What to work on: Among the entries, which lines carry the string "from"? Copy each of them.

[Brief descriptive captions]
####################
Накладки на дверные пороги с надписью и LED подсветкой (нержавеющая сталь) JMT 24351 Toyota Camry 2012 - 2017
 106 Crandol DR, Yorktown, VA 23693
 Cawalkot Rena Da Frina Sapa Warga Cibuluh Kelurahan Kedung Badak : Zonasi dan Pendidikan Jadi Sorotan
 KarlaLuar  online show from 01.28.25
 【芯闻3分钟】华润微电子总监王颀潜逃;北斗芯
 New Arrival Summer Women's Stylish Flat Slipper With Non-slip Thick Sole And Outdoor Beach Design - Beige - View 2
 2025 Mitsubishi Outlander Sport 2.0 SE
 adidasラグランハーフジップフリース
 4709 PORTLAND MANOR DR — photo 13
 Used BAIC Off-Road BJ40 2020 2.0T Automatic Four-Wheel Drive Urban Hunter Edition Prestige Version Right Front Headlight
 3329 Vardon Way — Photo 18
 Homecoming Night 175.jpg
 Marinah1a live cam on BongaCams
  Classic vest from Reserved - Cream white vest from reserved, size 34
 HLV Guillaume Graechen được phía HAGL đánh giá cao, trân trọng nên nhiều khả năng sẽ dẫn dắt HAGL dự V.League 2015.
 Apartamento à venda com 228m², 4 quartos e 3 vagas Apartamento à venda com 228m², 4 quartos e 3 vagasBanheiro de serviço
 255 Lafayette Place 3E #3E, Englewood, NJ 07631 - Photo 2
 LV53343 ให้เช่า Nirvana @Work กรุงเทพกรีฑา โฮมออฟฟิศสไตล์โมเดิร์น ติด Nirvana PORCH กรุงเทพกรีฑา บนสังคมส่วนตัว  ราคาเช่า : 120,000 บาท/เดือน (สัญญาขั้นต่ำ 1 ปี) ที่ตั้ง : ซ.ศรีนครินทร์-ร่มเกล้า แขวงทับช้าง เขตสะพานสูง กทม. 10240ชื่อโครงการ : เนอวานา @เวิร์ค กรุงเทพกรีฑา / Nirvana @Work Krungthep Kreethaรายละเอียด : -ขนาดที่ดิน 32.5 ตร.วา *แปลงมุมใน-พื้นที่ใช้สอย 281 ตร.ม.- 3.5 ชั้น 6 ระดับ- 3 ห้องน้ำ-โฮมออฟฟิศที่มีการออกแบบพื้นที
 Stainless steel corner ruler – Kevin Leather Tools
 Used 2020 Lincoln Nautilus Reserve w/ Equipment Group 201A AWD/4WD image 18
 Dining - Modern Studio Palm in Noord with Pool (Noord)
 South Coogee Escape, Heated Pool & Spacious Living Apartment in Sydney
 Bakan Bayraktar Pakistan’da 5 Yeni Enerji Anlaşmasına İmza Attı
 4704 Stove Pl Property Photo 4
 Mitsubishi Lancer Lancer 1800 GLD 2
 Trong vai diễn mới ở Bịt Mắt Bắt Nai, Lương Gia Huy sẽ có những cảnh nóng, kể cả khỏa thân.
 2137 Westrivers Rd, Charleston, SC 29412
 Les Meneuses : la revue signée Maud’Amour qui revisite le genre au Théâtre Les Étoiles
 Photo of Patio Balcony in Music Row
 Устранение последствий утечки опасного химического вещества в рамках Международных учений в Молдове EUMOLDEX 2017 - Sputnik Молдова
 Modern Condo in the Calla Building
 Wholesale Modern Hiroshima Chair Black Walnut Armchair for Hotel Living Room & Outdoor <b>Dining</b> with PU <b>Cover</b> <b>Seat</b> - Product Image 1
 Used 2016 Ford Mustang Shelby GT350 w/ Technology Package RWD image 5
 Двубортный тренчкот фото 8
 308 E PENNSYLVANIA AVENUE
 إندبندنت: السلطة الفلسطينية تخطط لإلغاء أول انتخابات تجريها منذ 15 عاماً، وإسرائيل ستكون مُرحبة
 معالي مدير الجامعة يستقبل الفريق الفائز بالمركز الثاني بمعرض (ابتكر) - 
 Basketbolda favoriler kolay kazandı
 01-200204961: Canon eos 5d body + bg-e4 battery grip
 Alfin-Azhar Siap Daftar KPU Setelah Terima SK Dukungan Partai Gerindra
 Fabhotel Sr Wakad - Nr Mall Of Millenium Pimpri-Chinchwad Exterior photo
####################
Exercise result:
 KarlaLuar  online show from 01.28.25
  Classic vest from Reserved - Cream white vest from reserved, size 34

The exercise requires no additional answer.